DJ Gigola: As an artist, I'm mainly interested in making new connections between things, shifting the grid and finding a new context. These hybrid moments arise naturally while I'm DJing – exactly when one song mixes into another and a new one spontaneously emerges from both. That's what I love about mixing live and also what I look for in music production.
For Fluid Meditations, I wanted to make a statement on what I see happening around me. I work in a field that is about escapism, being offline and getting loose. These longings have become amplified by the increasing presence of online life and globalization. Outside of the club experience, I'm seeing a turn towards craft, meditation, and nature – reactions to internet sharing and environmental destruction. For my album, I wanted to expand this idea of nighttime escapism with meditation and other relaxation practices like ASMR. This is partly because these fascinate me, but also because I wanted to see what their effects are in the club.
For me, dancing is a form of meditation and, by and large, escapism. The rhythm in dancing is the music and in meditation it is the breathing. If you talk about yoga, the asanas and breathing inform the synchronized movement of those involved – similarly to synchronized dancing in the club. Both activities involve a group experience in which the self can expand, forget, and find itself anew. From my context of experience, I wanted to see how far both could be musically combined. I wanted to focus the guided meditation in my album on arriving in the moment and in one's own body, connecting with the environment from this arrival, then dissolving, finding oneself anew and finding strength in that. This is the common thread of the album from beginning to end and to me, is ‘clubbing’ in a nutshell.
When DJing, I often see that these rituals tend to be disturbed by constant mobile phone scrolling, filming, photography, and online sharing. Proving "I was there" has become more important than actually being there. This has an impact on the club night’s potential, on the group dynamics within and the letting-go moments.
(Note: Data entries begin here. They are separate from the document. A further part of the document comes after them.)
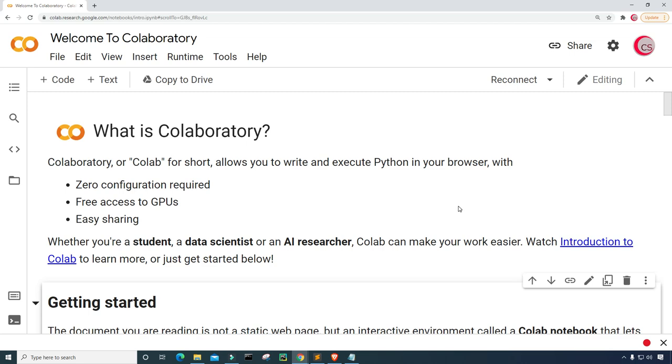Hello everyone, and welcome to this video on the Python programming language. In this video, I will show you how to build a book recommendation system or engine using Python.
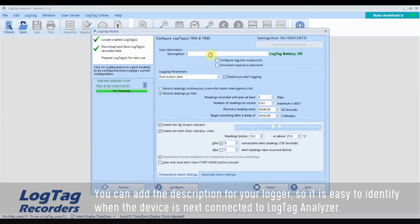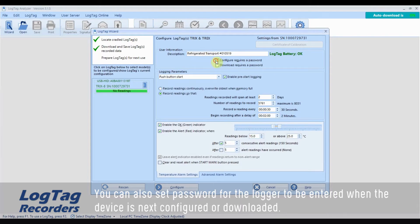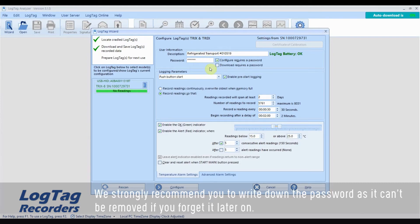You can add a description for your logger, so it is easy to identify when the device is next connected to LogTag analyzer. You can also set a password for the logger to be entered when the device is next configured or downloaded. We strongly recommend you write down the password as it can't be removed if you forget it later on.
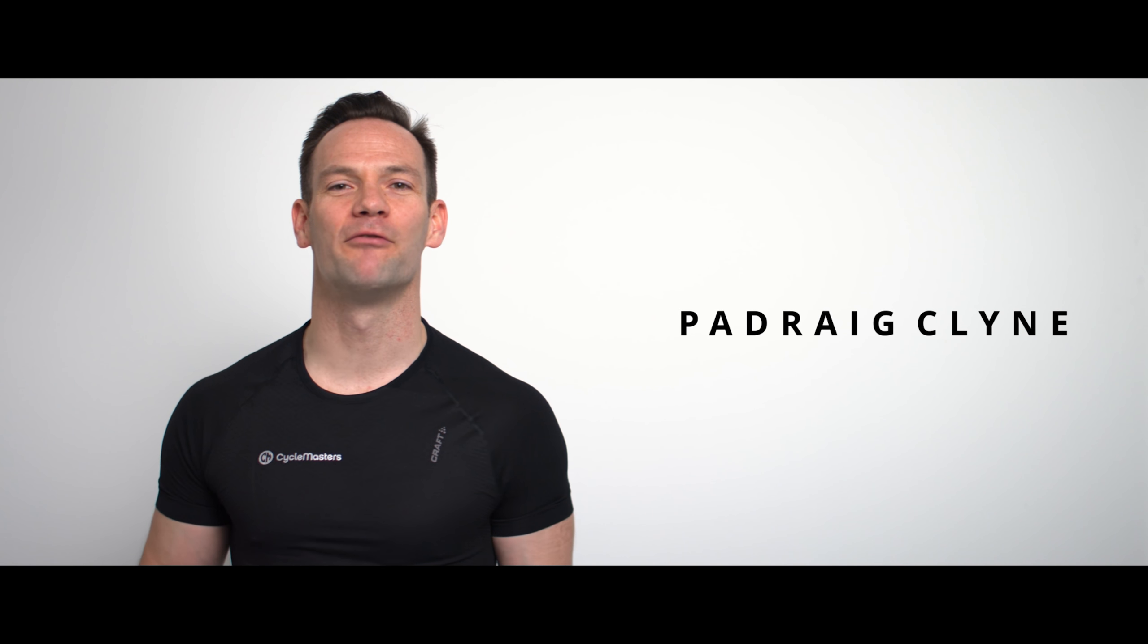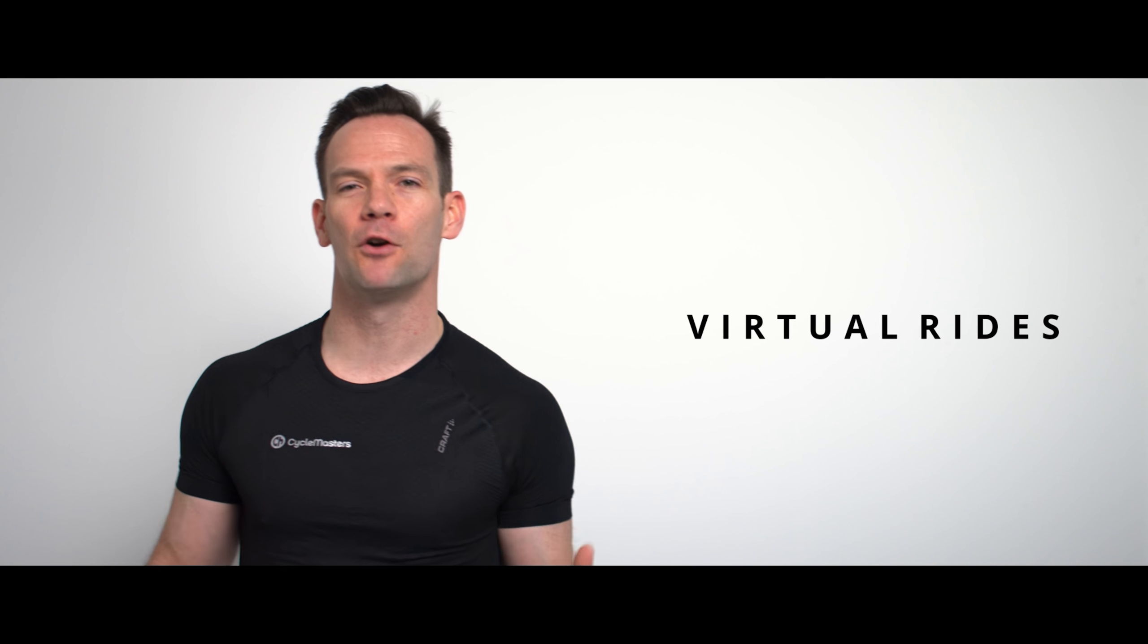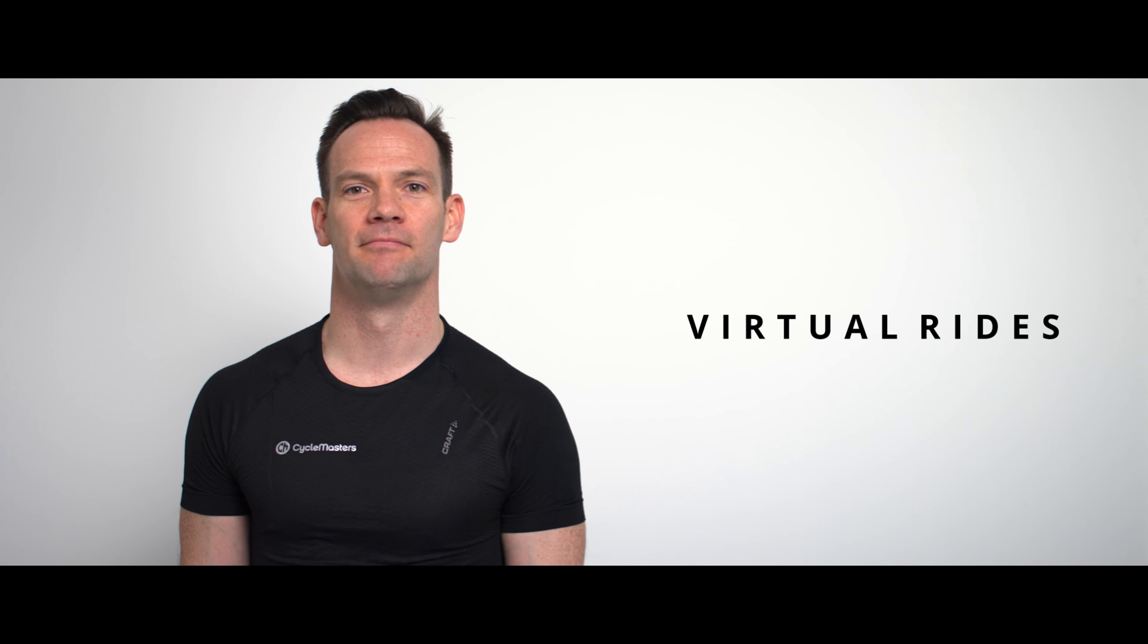Hi guys, Poirot Klein here from Cycle Masters. In today's video I'm going to bring you through why I think you should be doing virtual rides.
I believe that these moments are essential and must be preserved at all costs, in order to allow people to relax and have real, interpersonal contact, because these moments create identity. It is all a very personal approach and now I’m just curious to see how other people feel about it. Since the idea of the album is quite personal, Fluid Meditations was a solo production. I did the composition, production, lyrics, and vocals, as well as the creative direction for its visual identity.
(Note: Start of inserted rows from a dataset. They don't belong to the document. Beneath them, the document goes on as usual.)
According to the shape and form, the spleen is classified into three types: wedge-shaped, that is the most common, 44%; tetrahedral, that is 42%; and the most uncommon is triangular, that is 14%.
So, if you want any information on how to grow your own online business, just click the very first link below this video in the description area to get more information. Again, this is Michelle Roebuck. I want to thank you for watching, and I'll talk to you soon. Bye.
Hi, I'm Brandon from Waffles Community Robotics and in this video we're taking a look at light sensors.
How did you go about selecting tracks for your Carhartt WIP Radio show?
DJ Gigola: I went through the LFEK catalog from the past four years, and used songs which offered an insight into how an all-LFEK-mix would sound. It represents some of my favorite collaborators. The mix is high energy and influenced by a lot of hardcore and gabber parties back in 2016-17.
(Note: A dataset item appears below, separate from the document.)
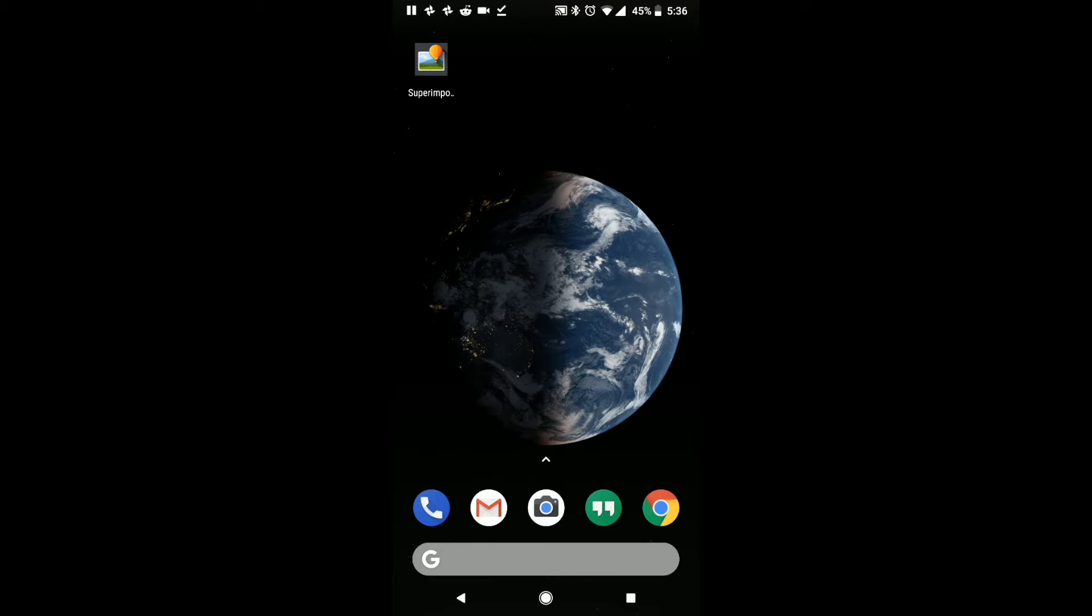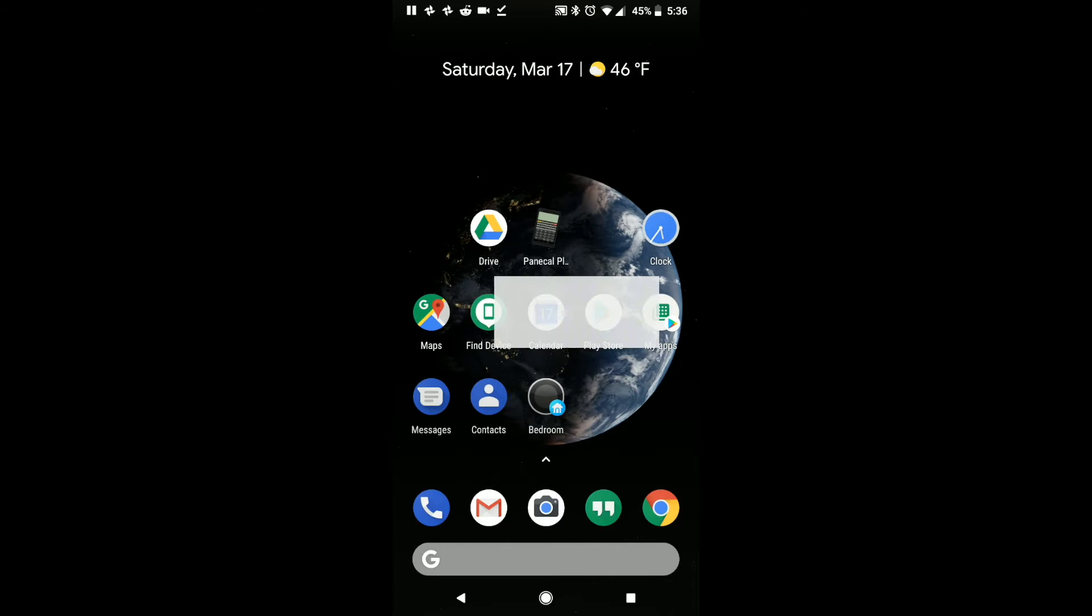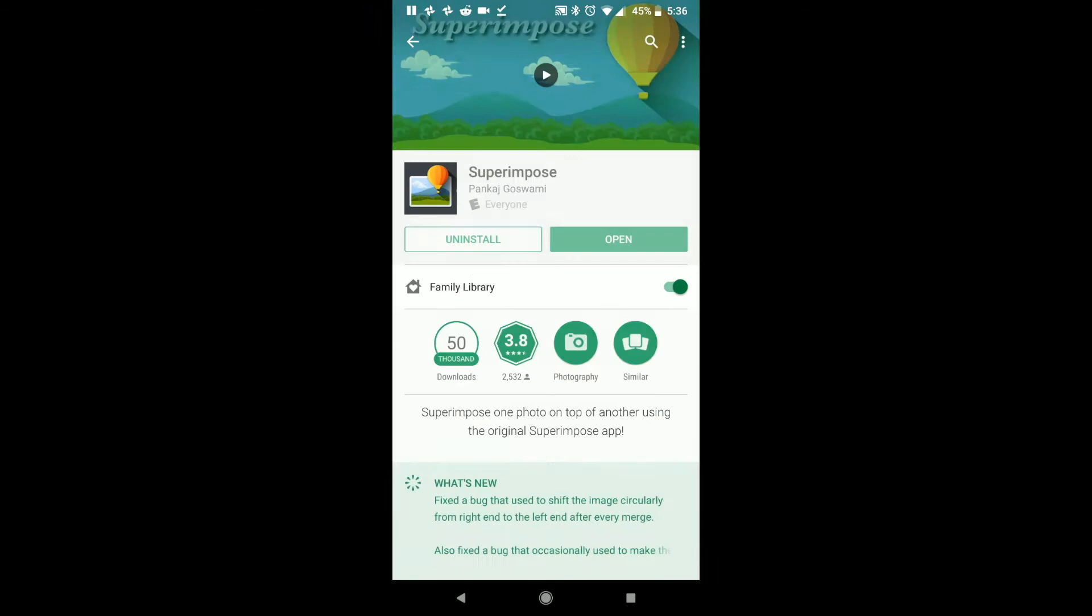The App Store is really similar. And if you just search Superimpose, then it brings up this app, and this is the app that you want to download. Anyway, I've already downloaded it, and you see it's on this screen here.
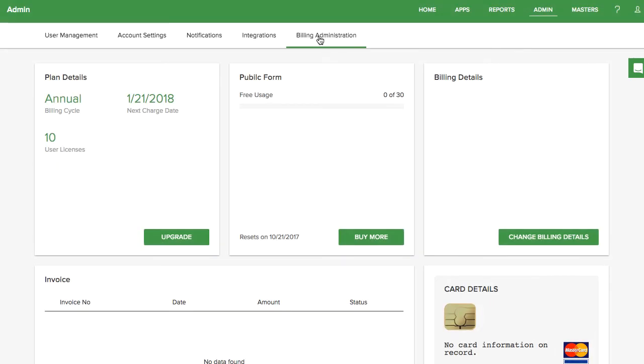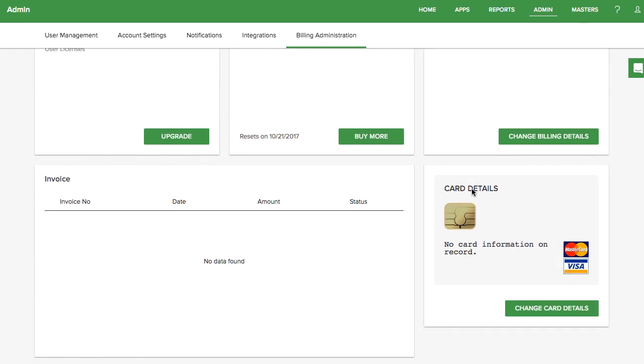Finally, billing administrators can increase the number of users, change billing and payment details, and view invoices.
If you were to predict the ‘sound of tomorrow’, what would it be?
DJ Gigola: I would say regarding upcoming trends there will be two ends: one very reductionist approach towards sound, very minimal but probably higher tempo range. The other would be a hyper-fusion sound, like an ultra-mashup of consumerist pop.
What’s something you’ve learned through music that has helped you in life (and vice versa)?
DJ Gigola: That we are all connected to each other.
What are your hobbies besides music?
DJ Gigola: Books, pottery and body movement.
When do you feel most at peace?
DJ Gigola: Being around the people I love and where I feel loved.
What was the last book you read?
DJ Gigola: Jenny Odell’s How to Do Nothing.
What are your favorite accounts on Instagram currently?
DJ Gigola: Oh, it always changes but it’s mostly meme accounts. Recently, I’ve been loving @sveamaus’ content a lot.
What is something you have always wanted to try that you haven’t done yet?
DJ Gigola: I would love to learn how to scuba dive. I would also love to see Antarctica one day.
Complete this sentence: “The world would be a better place if only…”
DJ Gigola: People found better ways to communicate.